Outside of work, life was a whirlwind of the absurd and the sublime. Cairo is a city that never stops, in fact it rarely pauses for breath, but if you approach it with a bit of gumption it can provide infinite opportunities. Over the 8 months I was there I joined an Arabic band, appeared in a KFC advert, went stargazing in the Sinai, trekked with the Bedouins, scuba-dived in Dahab, learned to train camels, worked as a journalist at the Cairo International Film Festival, founded a book group and took salsa lessons - to name but a few activities!

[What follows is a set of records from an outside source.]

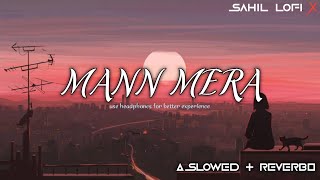 Mann Mera  Slowed  Reverb  Bollywood hindi lofi song  SahilLofiX20 trending [upl. by Jane]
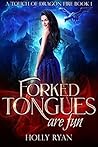 Forked Tongues Are Fun by Holly  Ryan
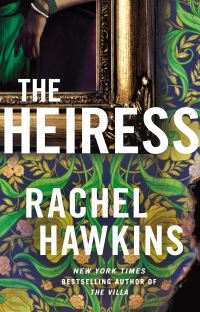 Book Cover for The Heiress by Rachel Hawkins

Having feared my interests might be incompatible with Egyptian society, it ended up being one of the most interesting and eye-opening experiences I’ve ever had, and if all goes well I plan to return after graduation.
The Middle East has been at the forefront of global affairs in recent years, and will undoubtedly continue to feature not only in the political sphere, but in international business and culture as well. For me, studying Arabic is a way to engage with these rapidly-changing events as they happen, and feel a part of the action on an entirely different level."

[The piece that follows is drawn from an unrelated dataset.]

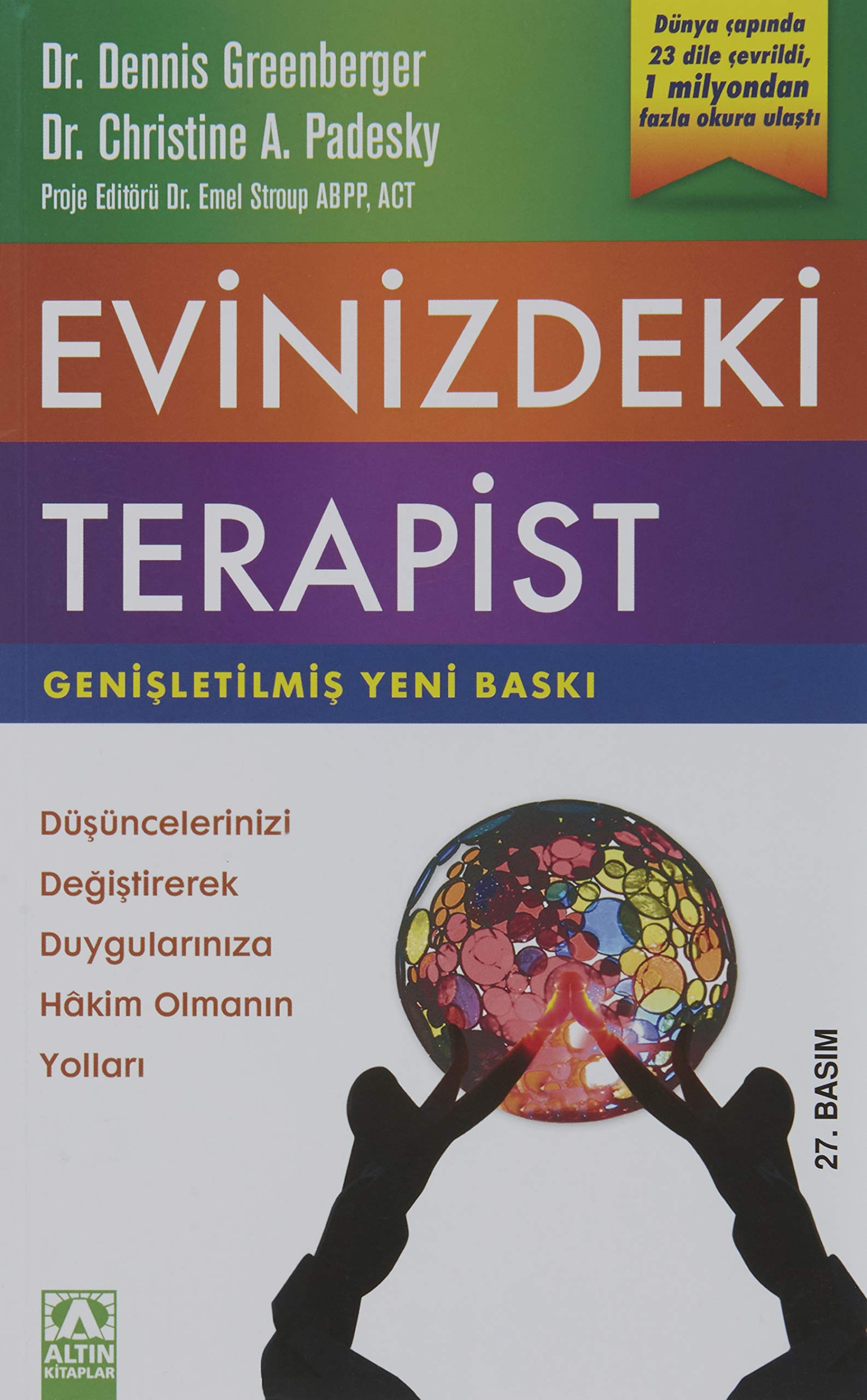 Evinizdeki Terapist: Düşüncelerinizi Değiştirerek Duygularınıza Hakim Olmanın Yolları Psychology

"I am a second year undergraduate studying Arabic in the AMES Faculty, in combination with French in the Modern and Medieval Languages Faculty. After finding out that in combining two languages from two faculties I was setting out to "do two degrees packed into the same time as one", I felt somewhat daunted. However, this combination has allowed the diversity and broadness of study that most other Cambridge degrees could not provide. This year, for instance, I find myself in the library juggling Taha Hussein's autobiography, Al-Ayyam, French linguistics textbooks, and ethnographies of the Middle East. It is rather exciting, after a year of intensively studying the Arabic language, to be let loose on the range of papers the department of Middle Eastern Studies has to offer. Yet, I feel strongly that without having spent those many hours memorising long lists of vocabulary and the seemingly unending rules of Arabic grammar, it would impossible to study effectively, or to any level of deeper understanding, the literature, politics, history, or culture of Arab societies. This ideal is central to degrees in the Middle East Studies department, and it is something I really value.

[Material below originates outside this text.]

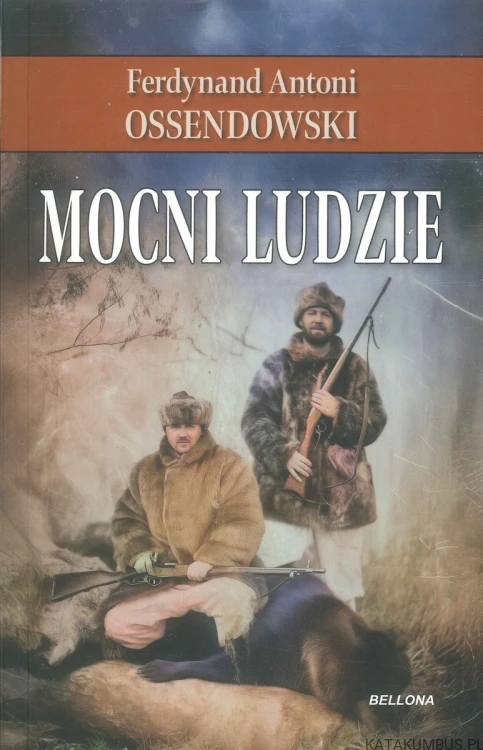 Mocni ludzie. FERDYNAND ANTONI OSSENDOWSKI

Over my first year-and-a-bit studying Arabic I have particularly enjoyed the change from school language learning, where progress was slow and the language focused towards "getting-by". Instead, in Cambridge, the process is much more rewarding, if considerably more demanding, as the majority of the basics of grammar, and a substantial amount of vocabulary, are packed into the first three 8-week terms. This meant that last summer, after studying the language only a year, I was able to travel to Jordan, along with a group of my fellow Arabists, where we were able not only to admire the tourist attractions, but indeed to visit people's homes, have conversations, go to cafes off the beaten tourist track and really engage with Jordanian social and cultural life. Such a confidence in the spoken language is the direct result of weekly classes in colloquial Arabic - the aspect of my course I have found the most challenging, but equally which will, in practice, be most useful. Certainly, as I contemplate the options for my year abroad in the Middle East, I am increasingly grateful for all that preparation!"